The Three-Phase Pipeline#
Phase 1: Lint and Test#
- Docker Compose syntax validation
- YAML linting (yamllint)
- GitHub Actions workflow validation (actionlint)
- Conventional commit enforcement (Commitizen)
- Initial secret detection (pre-commit hooks)
Phase 2: Security Scan#
- Deep secret scanning with TruffleHog
- Full Git history analysis
- Detection of API keys, tokens, and credentials
Phase 3: Deploy#
- Secret propagation from GitHub Actions to .env files
- Network creation (Traefik proxy network)

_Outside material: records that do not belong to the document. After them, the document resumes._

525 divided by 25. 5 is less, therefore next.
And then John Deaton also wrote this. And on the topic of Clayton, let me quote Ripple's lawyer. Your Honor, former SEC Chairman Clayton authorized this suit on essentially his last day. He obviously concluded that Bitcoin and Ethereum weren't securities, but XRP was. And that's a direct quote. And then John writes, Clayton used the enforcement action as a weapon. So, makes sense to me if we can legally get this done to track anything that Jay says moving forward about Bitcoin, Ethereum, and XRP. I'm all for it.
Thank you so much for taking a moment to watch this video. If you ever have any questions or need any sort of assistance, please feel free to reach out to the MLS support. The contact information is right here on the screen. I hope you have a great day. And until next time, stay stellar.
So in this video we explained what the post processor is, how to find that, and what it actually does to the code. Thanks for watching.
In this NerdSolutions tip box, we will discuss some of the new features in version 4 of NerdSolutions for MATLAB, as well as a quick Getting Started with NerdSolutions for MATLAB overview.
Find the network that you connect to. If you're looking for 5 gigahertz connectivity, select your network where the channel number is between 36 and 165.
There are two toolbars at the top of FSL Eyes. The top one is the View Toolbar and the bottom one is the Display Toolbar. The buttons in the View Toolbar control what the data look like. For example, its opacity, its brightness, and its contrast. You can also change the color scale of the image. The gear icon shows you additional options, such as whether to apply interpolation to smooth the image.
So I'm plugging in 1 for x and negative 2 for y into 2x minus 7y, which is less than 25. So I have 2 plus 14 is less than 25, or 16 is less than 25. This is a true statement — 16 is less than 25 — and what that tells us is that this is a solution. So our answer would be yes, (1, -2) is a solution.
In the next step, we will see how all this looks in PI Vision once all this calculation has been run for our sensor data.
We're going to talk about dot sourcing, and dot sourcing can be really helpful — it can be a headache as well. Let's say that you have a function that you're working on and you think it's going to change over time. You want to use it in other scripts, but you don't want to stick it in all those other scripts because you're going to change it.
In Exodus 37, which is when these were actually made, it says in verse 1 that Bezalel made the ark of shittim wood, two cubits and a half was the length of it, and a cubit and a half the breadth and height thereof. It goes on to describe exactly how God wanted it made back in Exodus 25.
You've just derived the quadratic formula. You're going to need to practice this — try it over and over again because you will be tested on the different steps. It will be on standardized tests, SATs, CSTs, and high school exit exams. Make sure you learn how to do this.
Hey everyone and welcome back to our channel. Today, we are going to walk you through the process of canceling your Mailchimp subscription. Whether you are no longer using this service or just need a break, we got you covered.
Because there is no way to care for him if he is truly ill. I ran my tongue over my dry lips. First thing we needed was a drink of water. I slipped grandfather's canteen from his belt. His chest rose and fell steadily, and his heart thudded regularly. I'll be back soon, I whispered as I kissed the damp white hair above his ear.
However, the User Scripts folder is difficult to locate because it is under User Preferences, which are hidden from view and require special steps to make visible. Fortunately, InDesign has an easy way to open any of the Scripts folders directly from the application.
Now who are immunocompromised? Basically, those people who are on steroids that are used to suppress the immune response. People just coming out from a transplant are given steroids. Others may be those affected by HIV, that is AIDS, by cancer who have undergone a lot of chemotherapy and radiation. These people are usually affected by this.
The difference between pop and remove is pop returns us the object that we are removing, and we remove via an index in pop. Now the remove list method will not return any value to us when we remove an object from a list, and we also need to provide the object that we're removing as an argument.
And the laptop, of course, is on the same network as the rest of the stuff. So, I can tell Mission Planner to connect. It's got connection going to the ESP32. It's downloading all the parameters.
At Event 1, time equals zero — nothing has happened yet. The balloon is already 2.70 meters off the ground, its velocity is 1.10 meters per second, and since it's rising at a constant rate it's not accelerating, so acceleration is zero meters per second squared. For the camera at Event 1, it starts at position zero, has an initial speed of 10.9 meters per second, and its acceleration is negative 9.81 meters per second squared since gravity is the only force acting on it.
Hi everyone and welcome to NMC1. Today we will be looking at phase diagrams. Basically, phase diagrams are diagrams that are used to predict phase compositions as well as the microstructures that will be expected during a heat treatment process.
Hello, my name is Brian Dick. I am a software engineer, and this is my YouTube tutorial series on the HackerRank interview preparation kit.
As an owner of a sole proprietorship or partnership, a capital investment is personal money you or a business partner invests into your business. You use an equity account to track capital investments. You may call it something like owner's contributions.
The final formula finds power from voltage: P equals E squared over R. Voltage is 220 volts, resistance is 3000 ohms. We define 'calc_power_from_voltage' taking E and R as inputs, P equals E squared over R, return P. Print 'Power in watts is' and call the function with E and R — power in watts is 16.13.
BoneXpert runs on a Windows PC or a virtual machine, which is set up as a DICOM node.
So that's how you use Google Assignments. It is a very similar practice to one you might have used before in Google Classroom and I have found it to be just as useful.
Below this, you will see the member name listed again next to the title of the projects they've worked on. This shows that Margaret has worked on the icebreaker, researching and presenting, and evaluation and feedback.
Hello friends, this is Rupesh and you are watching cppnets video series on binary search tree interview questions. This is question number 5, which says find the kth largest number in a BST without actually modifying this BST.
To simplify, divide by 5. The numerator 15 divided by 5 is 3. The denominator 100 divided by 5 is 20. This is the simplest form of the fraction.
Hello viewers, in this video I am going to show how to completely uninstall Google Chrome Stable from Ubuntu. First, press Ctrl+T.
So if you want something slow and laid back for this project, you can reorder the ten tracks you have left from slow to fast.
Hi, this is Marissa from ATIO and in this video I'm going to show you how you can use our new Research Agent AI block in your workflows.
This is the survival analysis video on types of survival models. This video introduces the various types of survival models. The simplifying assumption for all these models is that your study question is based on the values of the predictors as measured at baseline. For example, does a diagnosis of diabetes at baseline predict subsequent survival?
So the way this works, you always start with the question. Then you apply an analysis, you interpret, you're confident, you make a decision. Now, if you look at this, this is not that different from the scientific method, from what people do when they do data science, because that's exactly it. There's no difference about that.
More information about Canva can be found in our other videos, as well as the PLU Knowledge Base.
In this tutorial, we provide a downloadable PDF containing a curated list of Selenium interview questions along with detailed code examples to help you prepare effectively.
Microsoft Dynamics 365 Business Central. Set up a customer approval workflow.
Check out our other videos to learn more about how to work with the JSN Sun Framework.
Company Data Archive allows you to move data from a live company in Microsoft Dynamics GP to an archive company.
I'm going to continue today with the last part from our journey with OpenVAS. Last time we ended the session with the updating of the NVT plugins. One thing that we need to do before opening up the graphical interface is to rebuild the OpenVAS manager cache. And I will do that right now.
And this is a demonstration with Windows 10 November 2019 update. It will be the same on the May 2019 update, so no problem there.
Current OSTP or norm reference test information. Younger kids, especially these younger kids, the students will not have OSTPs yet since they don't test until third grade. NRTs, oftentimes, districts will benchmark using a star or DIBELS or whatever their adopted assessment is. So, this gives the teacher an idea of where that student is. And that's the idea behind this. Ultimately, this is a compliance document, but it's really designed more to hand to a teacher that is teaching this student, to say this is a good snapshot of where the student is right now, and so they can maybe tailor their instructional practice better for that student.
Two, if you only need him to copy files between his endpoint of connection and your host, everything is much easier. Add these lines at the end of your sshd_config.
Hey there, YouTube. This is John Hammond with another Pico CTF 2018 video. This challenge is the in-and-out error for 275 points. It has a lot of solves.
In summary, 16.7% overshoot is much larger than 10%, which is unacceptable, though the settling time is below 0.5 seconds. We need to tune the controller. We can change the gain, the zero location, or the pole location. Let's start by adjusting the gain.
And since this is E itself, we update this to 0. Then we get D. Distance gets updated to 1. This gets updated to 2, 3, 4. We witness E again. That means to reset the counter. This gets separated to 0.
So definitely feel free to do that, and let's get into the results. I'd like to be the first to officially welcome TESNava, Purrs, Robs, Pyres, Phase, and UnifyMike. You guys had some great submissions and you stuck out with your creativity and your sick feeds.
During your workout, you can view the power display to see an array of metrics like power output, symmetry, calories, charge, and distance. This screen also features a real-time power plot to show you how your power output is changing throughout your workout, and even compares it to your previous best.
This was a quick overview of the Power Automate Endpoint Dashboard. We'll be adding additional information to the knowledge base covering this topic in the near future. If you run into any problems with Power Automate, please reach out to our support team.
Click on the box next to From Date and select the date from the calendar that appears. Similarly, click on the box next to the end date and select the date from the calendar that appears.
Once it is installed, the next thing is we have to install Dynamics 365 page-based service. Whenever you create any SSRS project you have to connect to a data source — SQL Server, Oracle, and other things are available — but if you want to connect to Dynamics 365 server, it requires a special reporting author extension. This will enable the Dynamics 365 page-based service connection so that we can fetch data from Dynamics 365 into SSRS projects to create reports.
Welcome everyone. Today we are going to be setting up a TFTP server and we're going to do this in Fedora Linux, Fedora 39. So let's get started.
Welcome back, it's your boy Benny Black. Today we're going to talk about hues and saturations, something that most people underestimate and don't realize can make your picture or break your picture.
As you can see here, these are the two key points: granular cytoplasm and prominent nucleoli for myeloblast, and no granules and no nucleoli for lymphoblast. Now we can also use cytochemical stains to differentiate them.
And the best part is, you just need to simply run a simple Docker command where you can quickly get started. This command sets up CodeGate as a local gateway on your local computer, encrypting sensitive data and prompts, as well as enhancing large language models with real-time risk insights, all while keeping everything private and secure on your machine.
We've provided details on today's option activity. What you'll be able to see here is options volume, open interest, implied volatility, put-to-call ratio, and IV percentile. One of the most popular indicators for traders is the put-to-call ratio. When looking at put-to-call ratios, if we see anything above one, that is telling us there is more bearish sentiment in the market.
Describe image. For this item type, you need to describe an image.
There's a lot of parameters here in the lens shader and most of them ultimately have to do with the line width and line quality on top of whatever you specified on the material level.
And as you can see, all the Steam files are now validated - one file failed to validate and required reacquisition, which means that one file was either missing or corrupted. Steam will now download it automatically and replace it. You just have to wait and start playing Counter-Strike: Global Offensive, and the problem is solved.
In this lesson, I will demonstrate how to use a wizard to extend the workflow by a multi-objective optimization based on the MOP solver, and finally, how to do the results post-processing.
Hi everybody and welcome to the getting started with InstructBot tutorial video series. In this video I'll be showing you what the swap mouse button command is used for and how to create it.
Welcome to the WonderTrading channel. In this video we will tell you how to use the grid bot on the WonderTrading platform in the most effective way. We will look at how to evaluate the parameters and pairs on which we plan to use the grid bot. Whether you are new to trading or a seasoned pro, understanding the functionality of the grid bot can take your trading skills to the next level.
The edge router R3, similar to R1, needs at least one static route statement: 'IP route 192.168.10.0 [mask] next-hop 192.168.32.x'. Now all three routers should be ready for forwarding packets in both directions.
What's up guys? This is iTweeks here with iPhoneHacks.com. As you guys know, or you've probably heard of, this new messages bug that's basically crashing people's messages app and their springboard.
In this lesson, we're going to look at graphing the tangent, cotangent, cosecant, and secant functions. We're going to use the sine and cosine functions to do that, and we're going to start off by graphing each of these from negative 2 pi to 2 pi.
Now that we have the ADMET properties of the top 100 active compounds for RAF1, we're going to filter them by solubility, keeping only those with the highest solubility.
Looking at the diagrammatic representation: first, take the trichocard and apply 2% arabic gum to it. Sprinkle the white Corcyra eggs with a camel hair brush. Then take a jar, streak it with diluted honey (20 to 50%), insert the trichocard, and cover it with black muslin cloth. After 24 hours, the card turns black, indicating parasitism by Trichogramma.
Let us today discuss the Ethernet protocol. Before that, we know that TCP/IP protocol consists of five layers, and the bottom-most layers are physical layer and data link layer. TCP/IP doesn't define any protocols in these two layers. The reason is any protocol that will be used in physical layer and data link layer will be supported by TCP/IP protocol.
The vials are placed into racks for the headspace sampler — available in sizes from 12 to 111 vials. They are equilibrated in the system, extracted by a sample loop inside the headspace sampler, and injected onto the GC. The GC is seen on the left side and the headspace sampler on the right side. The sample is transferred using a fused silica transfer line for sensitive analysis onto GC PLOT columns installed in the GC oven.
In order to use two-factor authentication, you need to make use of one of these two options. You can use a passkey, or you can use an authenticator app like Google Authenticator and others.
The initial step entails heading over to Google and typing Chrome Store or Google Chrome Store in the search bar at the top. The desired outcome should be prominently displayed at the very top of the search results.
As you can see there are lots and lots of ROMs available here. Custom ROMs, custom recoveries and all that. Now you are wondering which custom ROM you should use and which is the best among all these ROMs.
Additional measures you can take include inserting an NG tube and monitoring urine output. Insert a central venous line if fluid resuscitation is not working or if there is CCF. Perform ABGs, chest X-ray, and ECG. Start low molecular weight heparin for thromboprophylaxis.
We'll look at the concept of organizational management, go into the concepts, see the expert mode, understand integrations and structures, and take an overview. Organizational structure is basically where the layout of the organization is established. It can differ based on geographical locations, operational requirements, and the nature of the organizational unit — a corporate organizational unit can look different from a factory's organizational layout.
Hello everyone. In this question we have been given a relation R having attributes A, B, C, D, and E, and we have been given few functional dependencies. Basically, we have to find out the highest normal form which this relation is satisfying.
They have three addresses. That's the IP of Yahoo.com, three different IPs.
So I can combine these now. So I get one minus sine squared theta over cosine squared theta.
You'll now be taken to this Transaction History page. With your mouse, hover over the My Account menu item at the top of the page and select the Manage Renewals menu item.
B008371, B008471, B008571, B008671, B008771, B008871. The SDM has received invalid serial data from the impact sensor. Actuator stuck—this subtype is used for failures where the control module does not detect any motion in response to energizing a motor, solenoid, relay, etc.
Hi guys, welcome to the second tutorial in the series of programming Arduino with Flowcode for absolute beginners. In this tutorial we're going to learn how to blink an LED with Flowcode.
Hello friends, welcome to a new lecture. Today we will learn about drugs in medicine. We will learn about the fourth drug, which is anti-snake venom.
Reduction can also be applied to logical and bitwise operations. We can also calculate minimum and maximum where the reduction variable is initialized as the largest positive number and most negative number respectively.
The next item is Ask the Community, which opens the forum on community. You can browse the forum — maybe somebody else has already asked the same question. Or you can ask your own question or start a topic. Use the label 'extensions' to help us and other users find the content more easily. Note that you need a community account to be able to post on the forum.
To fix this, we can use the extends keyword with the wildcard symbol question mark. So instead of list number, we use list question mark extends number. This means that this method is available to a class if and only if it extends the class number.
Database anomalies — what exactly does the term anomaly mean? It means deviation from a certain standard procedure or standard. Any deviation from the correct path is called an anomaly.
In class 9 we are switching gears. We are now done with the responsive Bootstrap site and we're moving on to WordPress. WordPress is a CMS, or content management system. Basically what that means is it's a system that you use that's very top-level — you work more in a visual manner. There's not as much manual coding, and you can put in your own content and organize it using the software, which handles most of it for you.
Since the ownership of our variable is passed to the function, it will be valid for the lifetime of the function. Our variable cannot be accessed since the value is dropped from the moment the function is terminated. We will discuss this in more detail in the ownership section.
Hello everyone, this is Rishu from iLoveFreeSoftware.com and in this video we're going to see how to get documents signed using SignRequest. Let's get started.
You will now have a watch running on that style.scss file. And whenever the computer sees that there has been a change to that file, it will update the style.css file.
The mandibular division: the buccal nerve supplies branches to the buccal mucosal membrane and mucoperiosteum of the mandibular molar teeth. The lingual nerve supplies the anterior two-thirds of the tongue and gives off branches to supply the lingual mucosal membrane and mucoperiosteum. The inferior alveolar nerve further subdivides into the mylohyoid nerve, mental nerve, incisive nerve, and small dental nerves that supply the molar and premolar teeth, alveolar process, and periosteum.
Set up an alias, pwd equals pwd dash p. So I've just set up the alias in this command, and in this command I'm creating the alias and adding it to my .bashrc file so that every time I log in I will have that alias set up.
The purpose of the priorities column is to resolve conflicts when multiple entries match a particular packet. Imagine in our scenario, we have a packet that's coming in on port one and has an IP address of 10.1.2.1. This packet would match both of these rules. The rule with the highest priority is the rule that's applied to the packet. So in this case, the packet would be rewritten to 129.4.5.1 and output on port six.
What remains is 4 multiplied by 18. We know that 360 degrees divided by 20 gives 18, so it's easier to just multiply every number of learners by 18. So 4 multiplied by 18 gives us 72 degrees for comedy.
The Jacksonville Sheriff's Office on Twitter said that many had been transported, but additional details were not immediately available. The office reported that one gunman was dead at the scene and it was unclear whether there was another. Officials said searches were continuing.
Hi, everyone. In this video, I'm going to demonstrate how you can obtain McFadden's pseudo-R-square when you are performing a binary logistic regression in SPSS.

- Sequential deployment: Traefik → Komodo → Application stacks
- Komodo resource sync execution
Komodo Resource Sync#
Komodo’s Resource Sync feature enables GitOps for Docker stacks. TOML configuration files define all resources (stacks, servers, deployments), and Komodo automatically reconciles the desired state with reality.
[[server]]
name = "hl-media-debian"
tags = ["homelab", "media"]
[server.config]
address = "https://periphery:8120"
region = "Home"
enabled = true
cpu_warning = 85.0
cpu_critical = 95.0
[[stack]]
name = "arr-stack"
description = "Arr* Apps"
tags = ["media", "homelab"]
[stack.config]
server = "hl-media-debian"
project_name = "arr-stack"
poll_for_updates = true
files_on_host = true
run_directory = "/homelab/docker/arr-stack"
file_paths = [
"docker-compose.vpn.yml",
"docker-compose.downloaders.yml",
"docker-compose.arrs.yml"
]
##
[[stack]]
name = "arr-support"
tags = ["homelab", "media"]
[stack.config]
server = "hl-media-debian"
project_name = "arr-stack"
poll_for_updates = true
files_on_host = true
run_directory = "/homelab/docker/arr-stack"
file_paths = [
"docker-compose.extended.yml",
"docker-compose.autobrr.yml"
]
extra_args = ["--force-recreate"]
##
[[stack]]
name = "filemanager"
tags = [
"homelab",
"media",
"filemanagement"
]
[stack.config]
server = "hl-media-debian"
project_name = "file-management"
poll_for_updates = true
files_on_host = true
run_directory = "/homelab/docker/filemanager"
file_paths = ["docker-compose.yml"]
##
[[stack]]
name = "homepage"
description = "homepage"
tags = ["homelab", "dashboard"]
[stack.config]
server = "hl-media-debian"
project_name = "arr-stack"
poll_for_updates = true
files_on_host = true
run_directory = "/homelab/docker/homepage"
file_paths = ["docker-compose.yml"]Changes to TOML configs trigger automatic resource updates — no manual intervention required.
Workflow Summary#
- Push to main branch
- Self-hosted runner executes pipeline
- Validation → Security scan → Deploy
- Komodo syncs resources from config
- All stacks deployed and operational
DNS: Cloudflare + Terraform#
Using Terraform with a GitHub Actions pipeline to sync DNS records across the homelab.
Observability#
Metrics Collection#
- Node Exporter — System metrics (CPU, memory, disk, network)
- cAdvisor — Container metrics (Docker resource usage)
- Exportarr (github.com/onedr0p/exportarr ⤴) — Metrics from Sonarr, Radarr, Prowlarr, and other arr apps
Log & Metric Shipping#
- Vector — Collects logs from all containers and ships them to VictoriaLogs, plus transforms metrics for VictoriaMetrics
Storage & Visualization#
- VictoriaMetrics — Time-series database for metrics (Prometheus-compatible, but more efficient)
- VictoriaLogs — Log aggregation and search
- Both run on a separate observability server for isolation
The Flow:
Docker Containers → Vector → VictoriaMetrics/VictoriaLogs → Grafana DashboardsThe Problem: Too Much Noise#
Here’s the thing: exporters generate a ton of unnecessary metrics. Node Exporter alone outputs hundreds of metrics, most of which I’ll never look at. Same with cAdvisor and the arr exporters. This creates noise, wastes storage, and makes dashboards cluttered.
Future: OpenTelemetry Migration#
I’m planning to migrate to OpenTelemetry (OTel) in the coming weeks. Here’s why:
- Unified agent for logs and metrics
- Metric filtering and transformation
- Reduced storage overhead
- Better resource efficiency
- Vendor-neutral telemetry pipeline
OpenTelemetry configuration allows fine-grained control over which metrics are collected and stored, eliminating noise from the pipeline.